Они молча, медленно брели вдоль кромки воды, где снег резко обрывался. Вокруг был разлит покой, серый океан с еле слышным шипением лизал песок, вереницы туч неподвижно висели чуть ниже вершин скал, небо давило, словно крышка. Надо бы начать писать на этом белом листе новую историю, найти какую-нибудь идею, куда-нибудь устремиться. Но неодолимая усталость, унылое отчаяние будто высосали из них и силы, и надежды.
* * *
Если верить записям в журнале, был конец апреля. Светало поздно.

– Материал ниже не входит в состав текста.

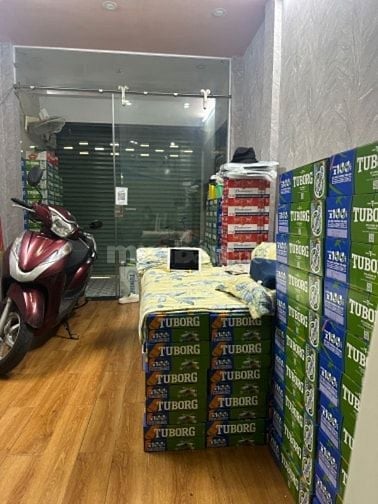 Cần thuê nhà hướng Tây Bắc q10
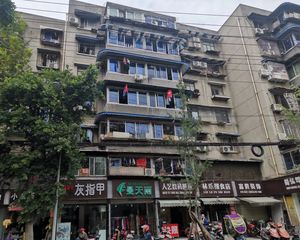 高攀路21号2室1厅南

Упорядоченная деятельность, утренняя гимнастика, план работы на день – со всем этим было покончено. С тех пор как ушли животные и развалился вельбот, они чувствовали себя свободными от всего. За последние две недели еще несколько раз сыпал снег, приходилось расчищать дорогу к ручью, который порой покрывался тонкой корочкой льда.
День был в тягость. Хотелось уснуть, уснуть и обо всем забыть, уснуть, а потом проснуться и обнаружить, что затянувшийся кошмар чудесным образом рассеялся.

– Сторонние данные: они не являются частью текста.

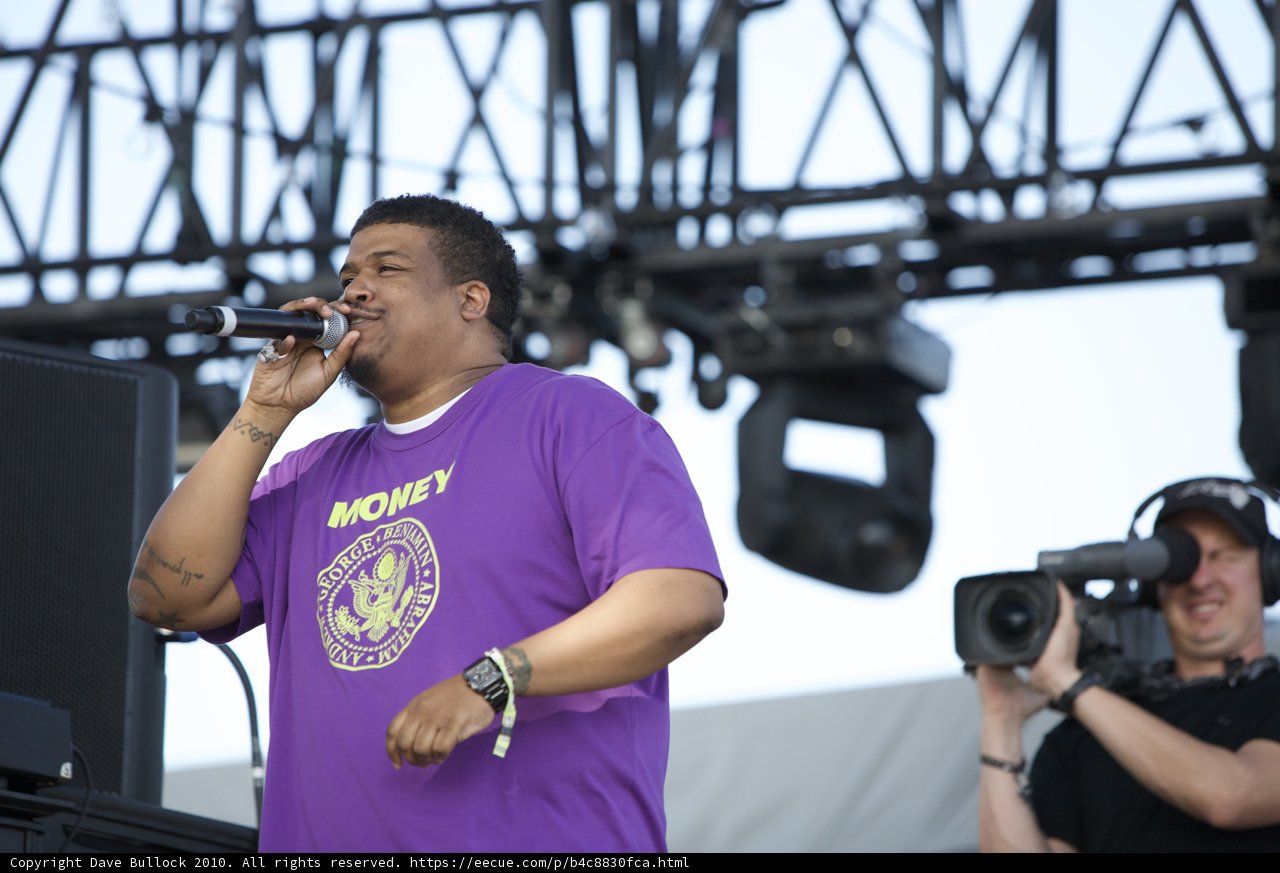 Purple Shirted Performer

Они ввели ограничения в еде: по одному пингвину в день на каждого. Лучшие куски поджаривали к обеду на жире морского котика, из прочего – остатков мяса, раздробленных костей и даже шкуры, которой раньше пренебрегали, – готовили странное варево, которое часами томилось на медленном огне. Утром и вечером они разбавляли его кипятком и, нахлебавшись горячей жижи, недолго наслаждались ощущением сытости. Все остальное время от голода сводило желудок, знобило, голова кружилась, темнело в глазах, двигались они скованно, будто спеленутые паутиной. Голод подтачивал ум, мешал думать, строить планы или хотя бы представлять завтрашний день. От безделья они впали в оцепенение. Единственные занятия – напилить досок для печки, принести воды да набрать в отлив горстку ракушек, но даже и это они делали через силу. Все остальное время просто сидели у печки.
Людовика все сильнее терзал глухой кашель. Он уверял, что это обычная простуда, которая быстро пройдет, но Луиза видела, как он, стараясь, чтобы по лицу ничего не было заметно, инстинктивно прижимал руку к груди. Он страшно исхудал, кости болезненно выпирали под кожей. И ходил он теперь мелкими стариковскими шажками, двигался с трудом и очень уставал. Но, несмотря ни на что, по-прежнему пытался раздуть огонек своего легендарного оптимизма. Вырезал из деревяшек кубики для игры в кости и домино, старательно их отполировал. Луизу раздражало, что он поглощен этой бесполезной работой, но делать все равно больше было нечего, так пусть хоть чем-то себя займет. А особенно ее бесило то, что он делал вид, будто жизнь налажена.
– Сыграем разок? Мне надо отыграться, ты в прошлый раз меня обошла. На этот раз ставлю свою вечернюю миску супа.
– Хватит валять дурака, посмотри на себя, от тебя кожа да кости остались.